Anonymous glutenfreeforgood said...

Who wants to follow rules or color inside the lines, anyway? It's far more fun to play with your food. Just what I would expect from anotheroutspokenfemale!Nice post, I thoroughly enjoyed it.
Take care,
Melissa

7:08 am  
Blogger Another Outspoken Female said...

Thanks Melissa. Just once I thought I should try to play INSIDE the square to see what happens! The other downside of using a non-adapted recipe is by it not becoming my own I have no right to reproduce it - hence the link. It is worth a click as it is a tasty dish - just can't wait to tweak it a little next time!

9:18 am  
Blogger stickyfingers said...

A few years back when I was pulling together a cook book, some recipes where sourced direct from restaurant chefs. None of them worked, most came without clear directions or measurements. We had to start from scratch with all of them and build something from the ruins of these recipes. The one thing about this book was that all recipes were to be fool proof in a home kitchen so that's how we tested them. Years later I noticed one in a new friend's kitchen and they proclaimed it to be the most reliable cook book in their collection - phew!

As for me - I only ever stick to a recipe when baking, and even then the intuition has a habit of kicking in. Especially when I'm using eggs from Farmers Markets that can vary in size and fresh butter from the Vic Market which is creamier.

1:12 am  
Blogger Lucy said...

Leeks - yes, they would make it subtler and sweeter.
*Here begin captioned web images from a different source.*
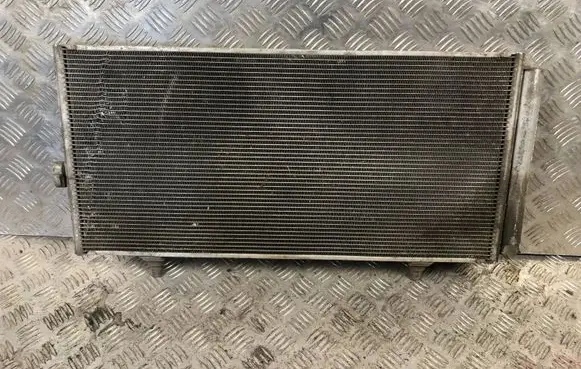 Subaru Outback A/C cooling radiator (condenser)
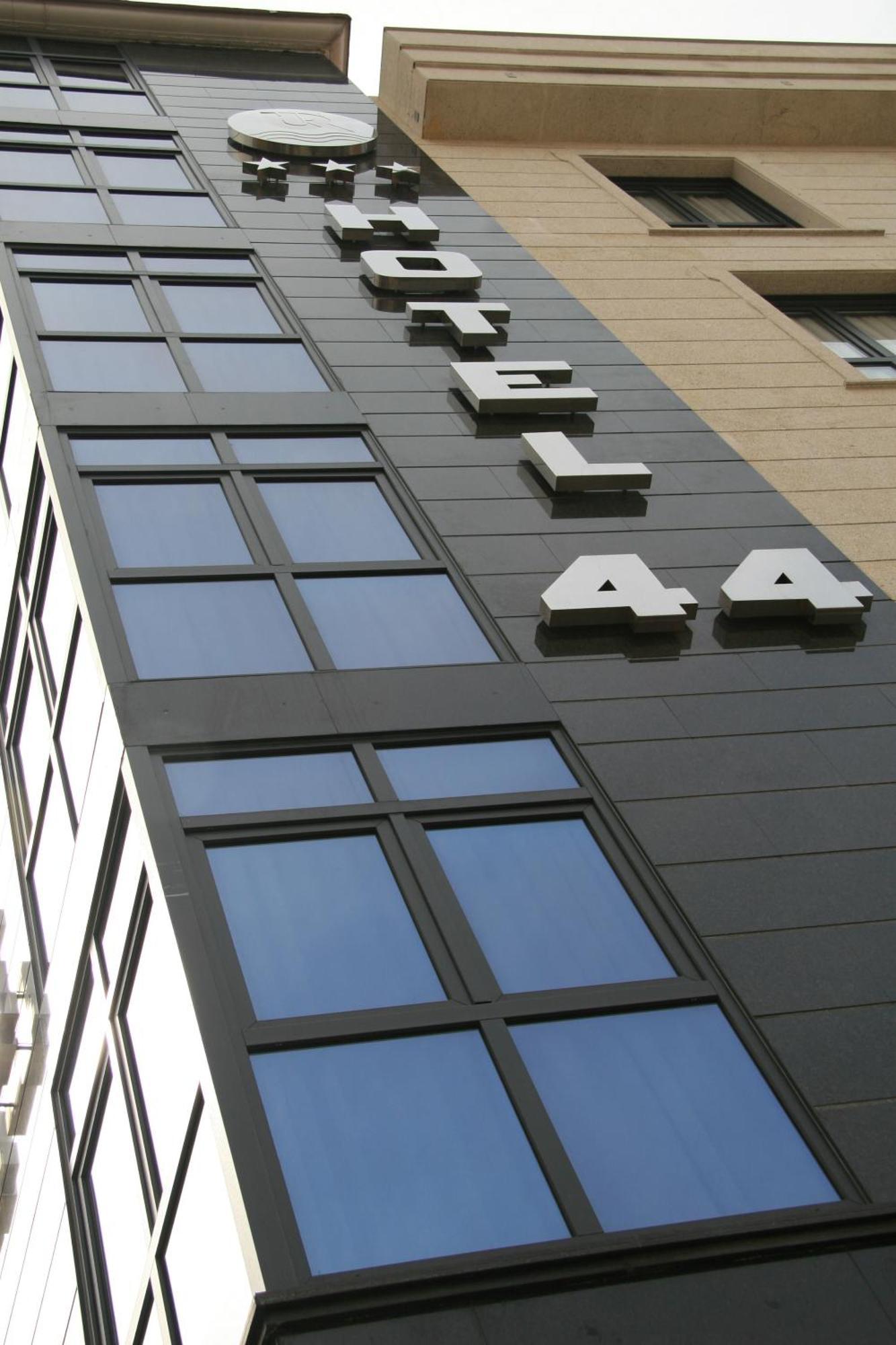 Hotel 44 Gijon Exterior photo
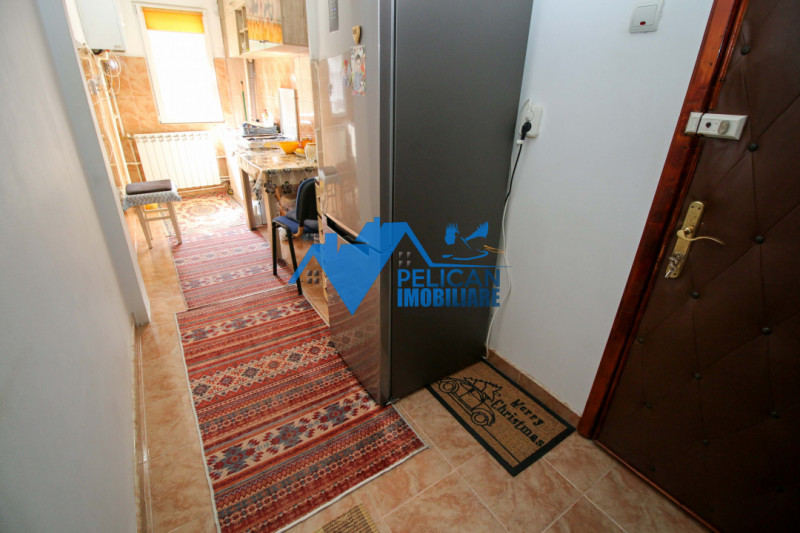 Vest, 2 camere, etaj 1, centrala proprie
Love fennel in everything. It's frustrating being bound by the rules, isn't it?

I got quite a lot out of that session, but perhaps what I enjoyed most were the panellists themselves.

Might just try and follow a recipe myself this week. Shall let you know how I go!

7:45 am  
Blogger Another Outspoken Female said...

Lucy - Absolutely. I challenge all other intuitive cooks to "cook by the book" just once this week. Anyone else up for it?

Sticky - I was a very confident baker as a child and there wasn't anything I was afraid to tackle. I think I was one of those kids who liked rules and boundaries. My internal chemistry changed some time in my teens and I've never been the same since :) As for chefs. I'm sure I read a few years ago that of all the big name TV show chefs, Jamie Oliver's were the worst written.